- HOW TO COMPLETE THIS TASK -
Copy the data that follows exactly, and include none of its images.

- AVAILABLE DATA -
# # # # # # #
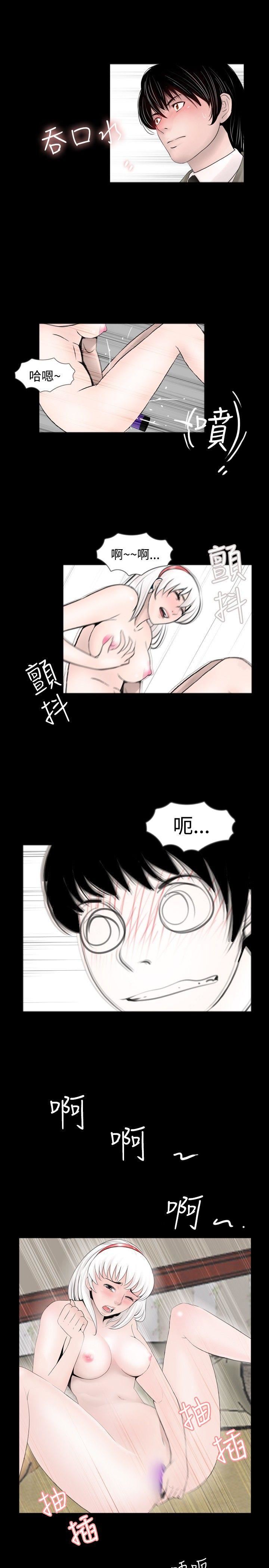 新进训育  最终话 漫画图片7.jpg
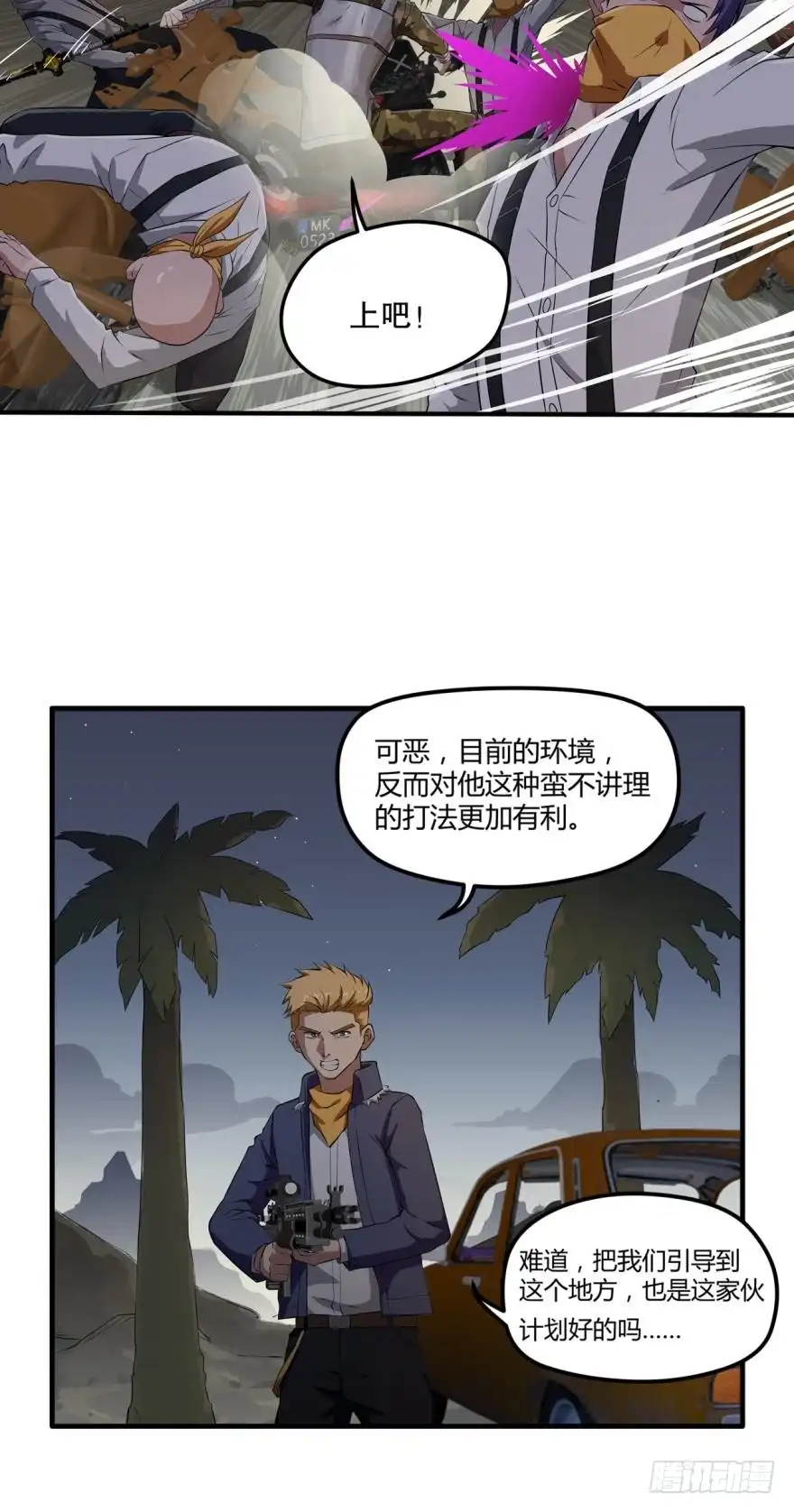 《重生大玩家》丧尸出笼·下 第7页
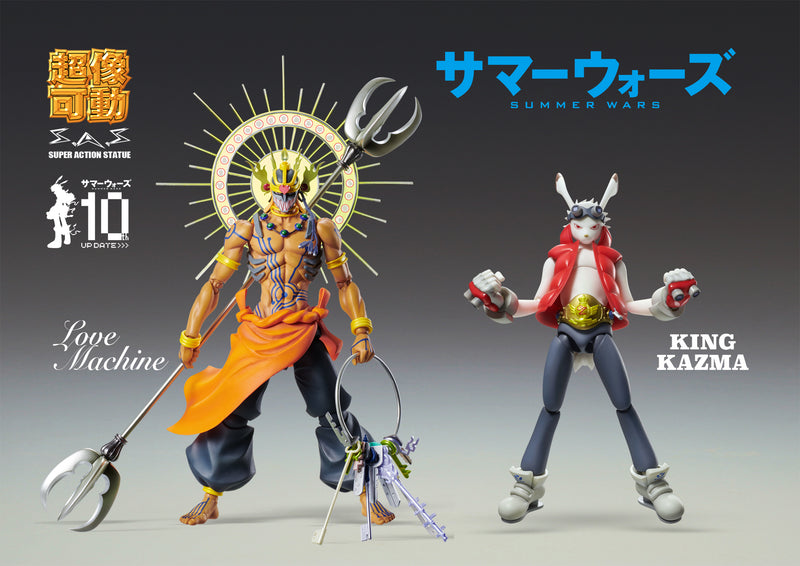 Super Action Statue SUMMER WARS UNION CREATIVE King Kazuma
# # # # # # #
- SOLUTION FOR THIS EXERCISE -
 新进训育  最终话 漫画图片7.jpg
 《重生大玩家》丧尸出笼·下 第7页
 Super Action Statue SUMMER WARS UNION CREATIVE King Kazuma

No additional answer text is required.